## INSTRUCTIONS TO FOLLOW
Leaving out the images, reproduce every line of the data that follows exactly.

## INFORMATION
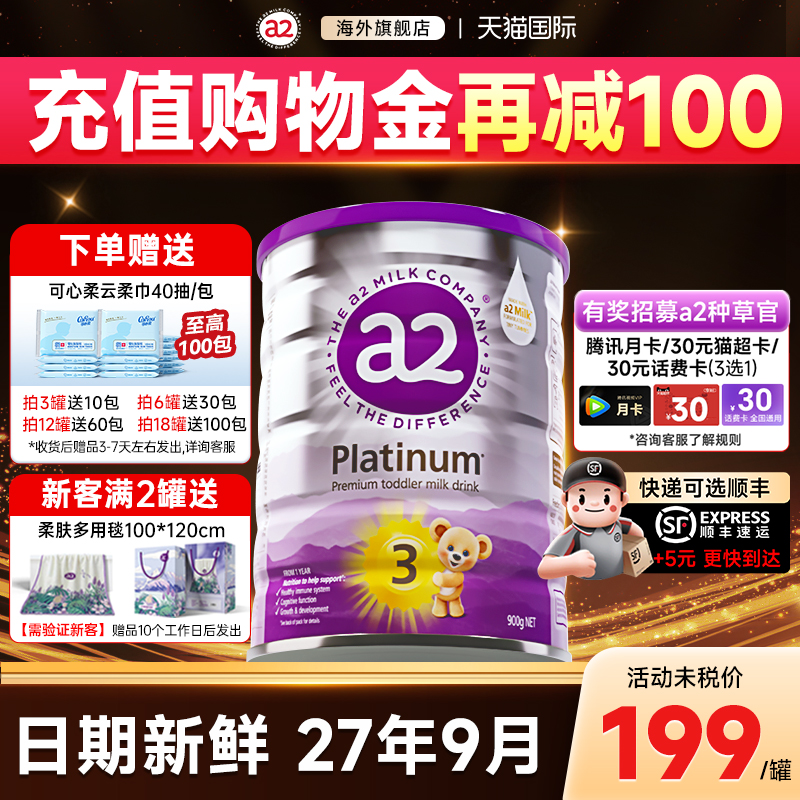 【效期新鲜】澳洲a2奶粉3段三段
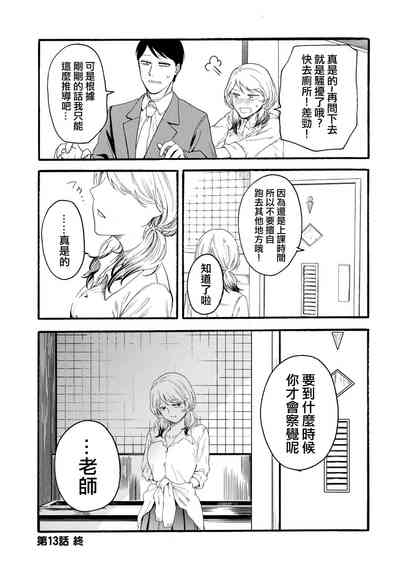 第317頁圖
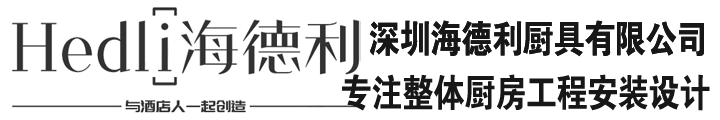 深圳九游老哥俱乐部官方网站厨房设备有限公司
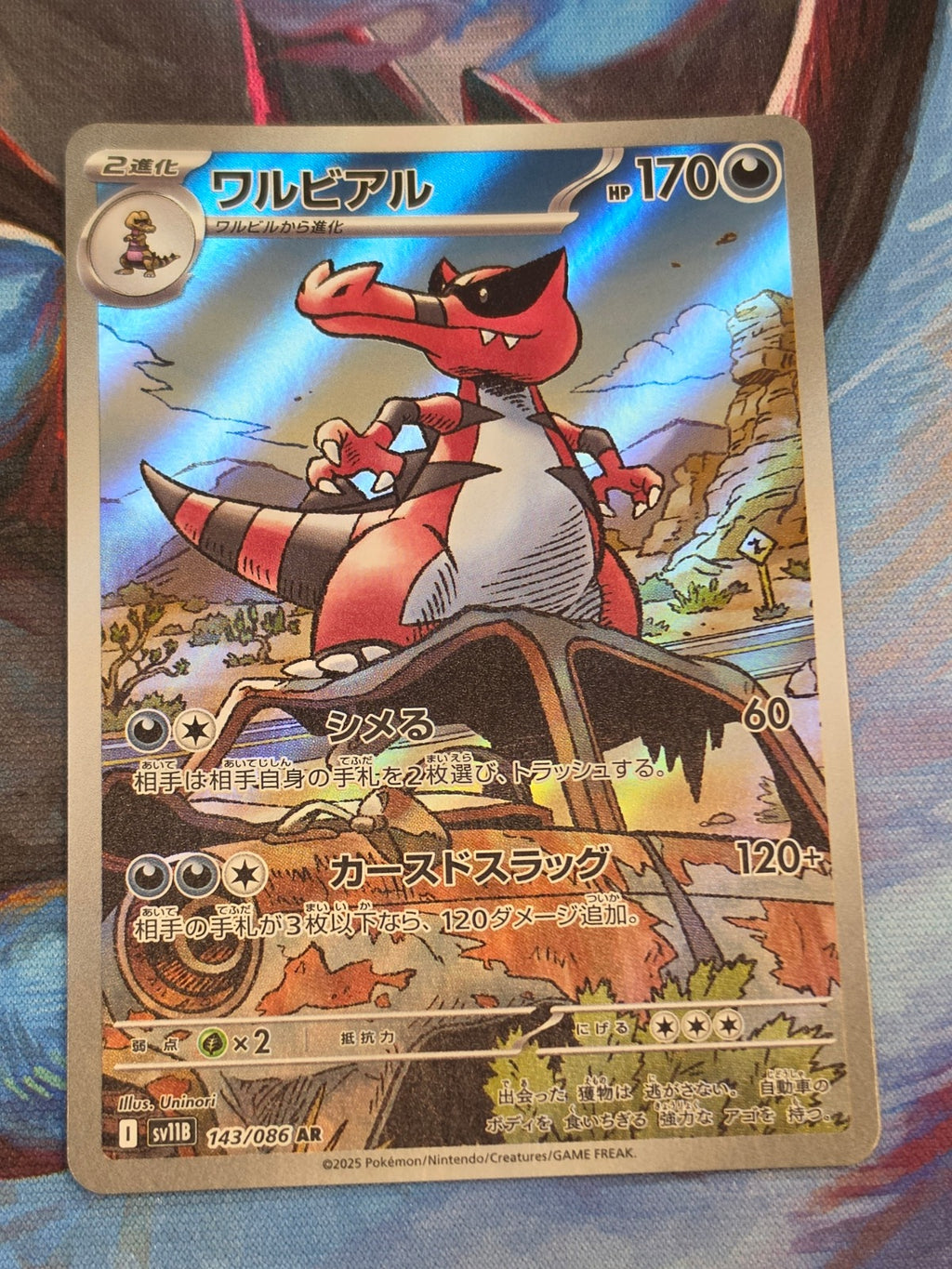 Krookodile Art Rare SV11B: Black Bolt 143/086 NM Japanese Pokemon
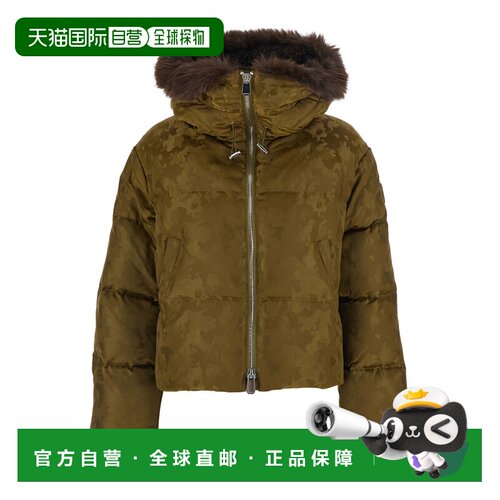 香港直邮PINKO 女士外套 107725A3LZV59 AW2026 【付后1h可退】
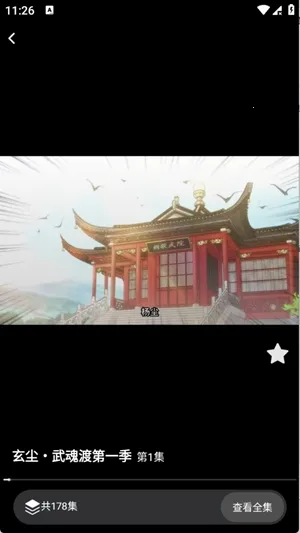 ��������(���粥��ƽ̨)v1.0.0 ��׿��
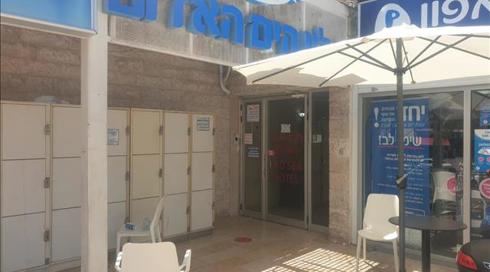 חמישה קטינים ובגיר יואשמו במעורבות בפרשת האונס הקבוצתי באילת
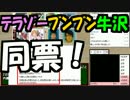 【あなろぐ部】第1回ゲーム実況者人狼02-2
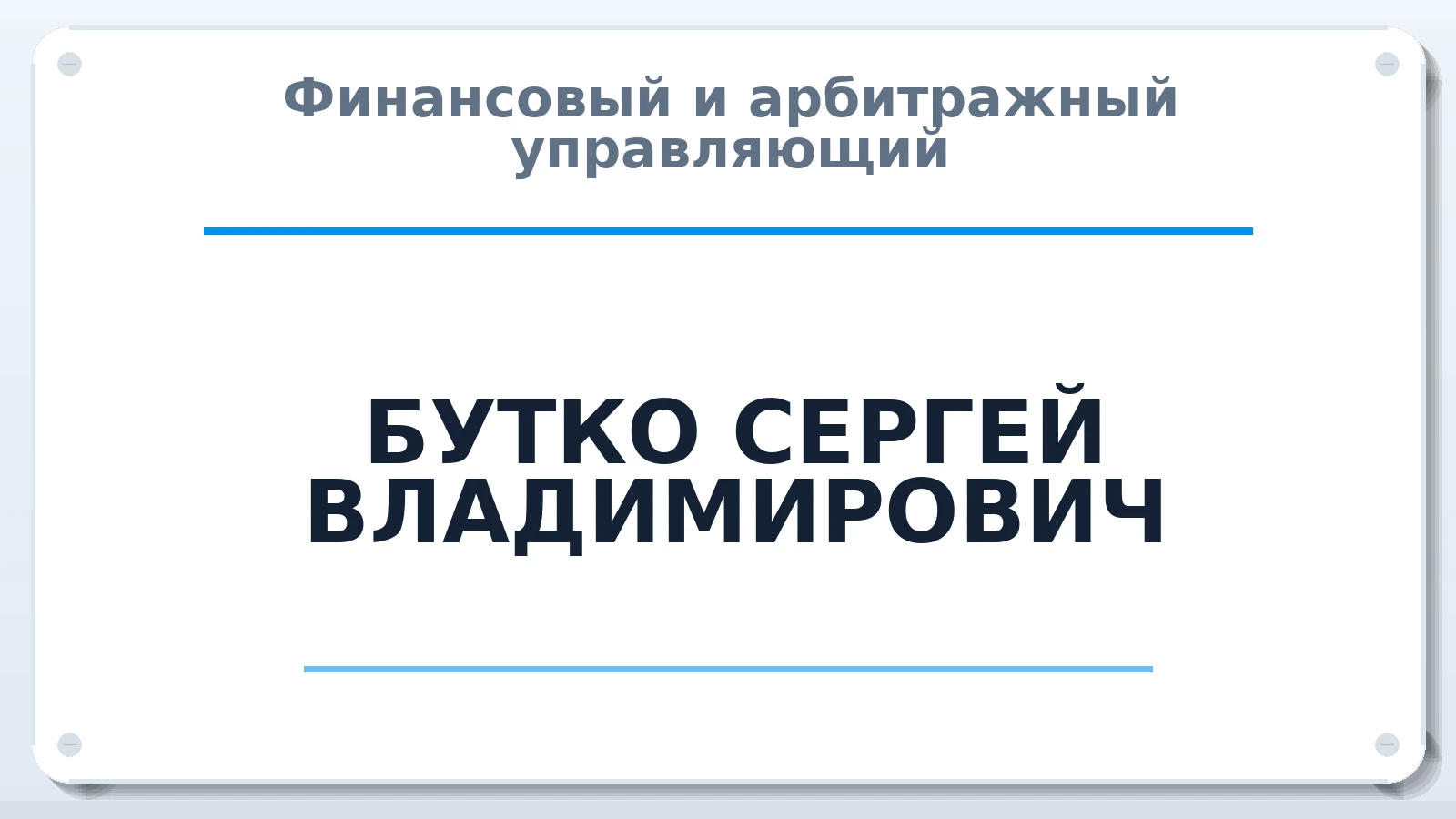 Финансовый и арбитражный управляющий БУТКО СЕРГЕЙ ВЛАДИМИРОВИЧ ИНН 631805246928 членство: СРО ААУ ЕВРОСИБ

## ANSWER BOX
 【效期新鲜】澳洲a2奶粉3段三段
 第317頁圖
 深圳九游老哥俱乐部官方网站厨房设备有限公司
 Krookodile Art Rare SV11B: Black Bolt 143/086 NM Japanese Pokemon
 香港直邮PINKO 女士外套 107725A3LZV59 AW2026 【付后1h可退】
 ��������(���粥��ƽ̨)v1.0.0 ��׿��
 חמישה קטינים ובגיר יואשמו במעורבות בפרשת האונס הקבוצתי באילת
 【あなろぐ部】第1回ゲーム実況者人狼02-2
 Финансовый и арбитражный управляющий БУТКО СЕРГЕЙ ВЛАДИМИРОВИЧ ИНН 631805246928 членство: СРО ААУ ЕВРОСИБ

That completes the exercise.